The manual further provides that hostage-taking is a grave breach of IHL.
Germany’s Soldiers’ Manual (2006) states: “Reprisals against the civilian population are prohibited, likewise taking of hostages, collective penalties, pillage as well as measures of intimidation or terrorization.”
Germany’s Law Introducing the International Crimes Code (2002) provides for the punishment of anyone who, in connection with an international or non-international armed conflict, “takes hostage a person who is to be protected under international humanitarian law”.
In 2010, in the Chechen Refugee case, Germany’s Federal Administrative Court was called upon to decide whether a Russian refugee claimant from Chechnya had to be excluded from refugee protection because there were serious reasons for considering that he had committed a war crime in Chechnya in 2002 by killing two Russian soldiers and taking a Russian officer hostage. The Court considered who can be a victim of the war crime of taking hostages. The Court held:
[Article 3 common to the 1949 Geneva Conventions]

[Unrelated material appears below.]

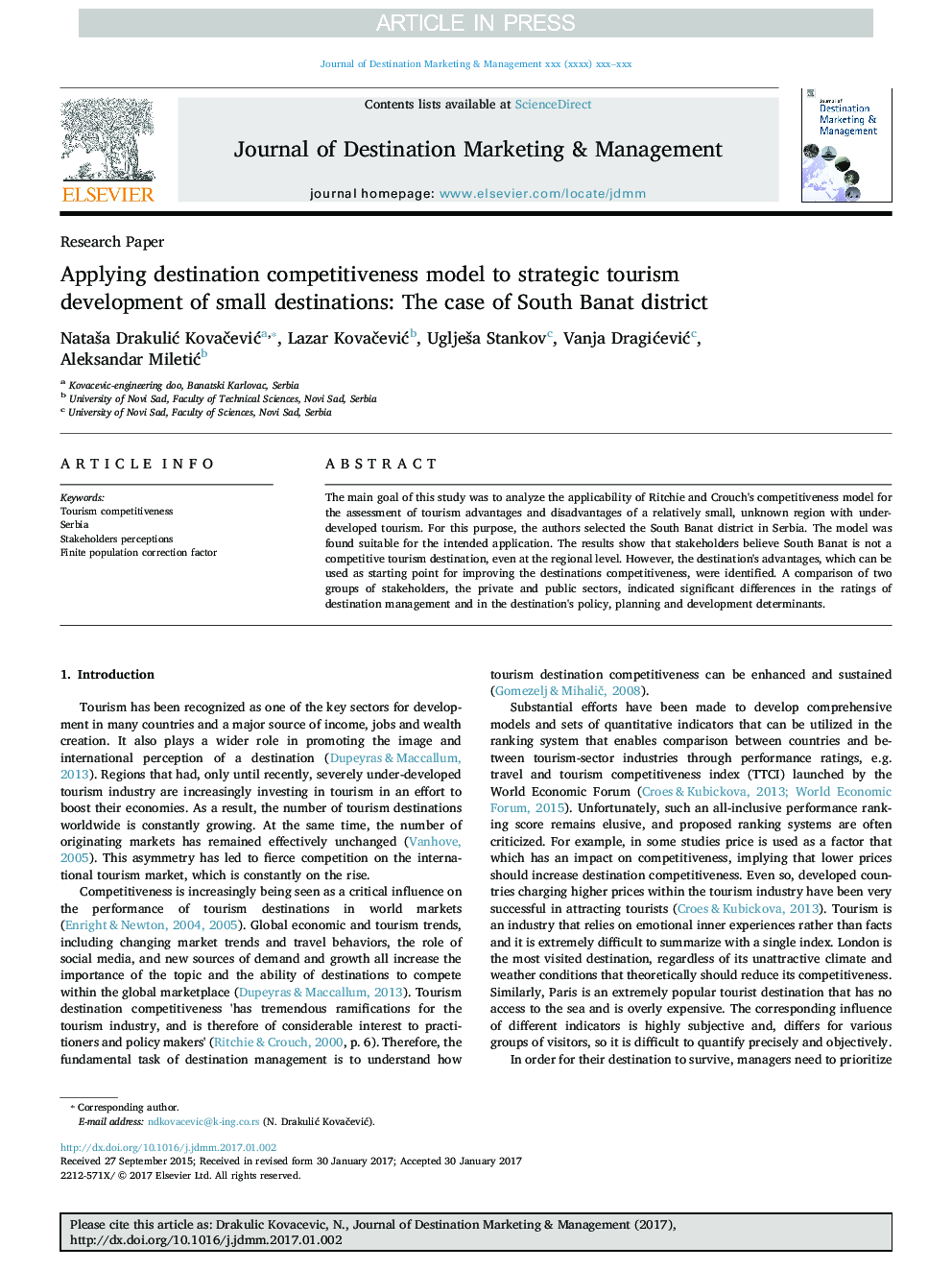 Applying destination competitiveness model to strategic tourism development of small destinations: The case of South Banat district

inter alia criminalizes … the taking of hostages who are not directly participating in hostilities, including members of the armed forces who have laid down their weapons and persons who have been placed
hors de combat by illness, injury, capture or any other reason. This provision thus also considers acts as war crimes which are directed against soldiers.
The Court also held:
[T]he assumption that the abduction of the Russian officer constituted the war crime of hostage taking under Art. 8 para. 2 sub-para. c no. III of the [1998] ICC Statute is difficult to sustain. … [T]aking civilians as hostages and taking members of the armed forces who have laid down their arms or who are
hors de combat as hostages can constitute a war crime. … [In the present case,] the victim [a Russian officer] was not taken hostage … at a point in time when the victim had surrendered or laid down his weapons. Rather, the attack against the victim with the purpose of taking him hostage was carried out at a moment when the victim was still carrying a weapon and when the Russian soldiers accompanying the victim responded to the attack by firing their weapons.
In 1995, in the context of the conflict in Nagorno-Karabakh, all political parties in the German Parliament requested the release of hostages.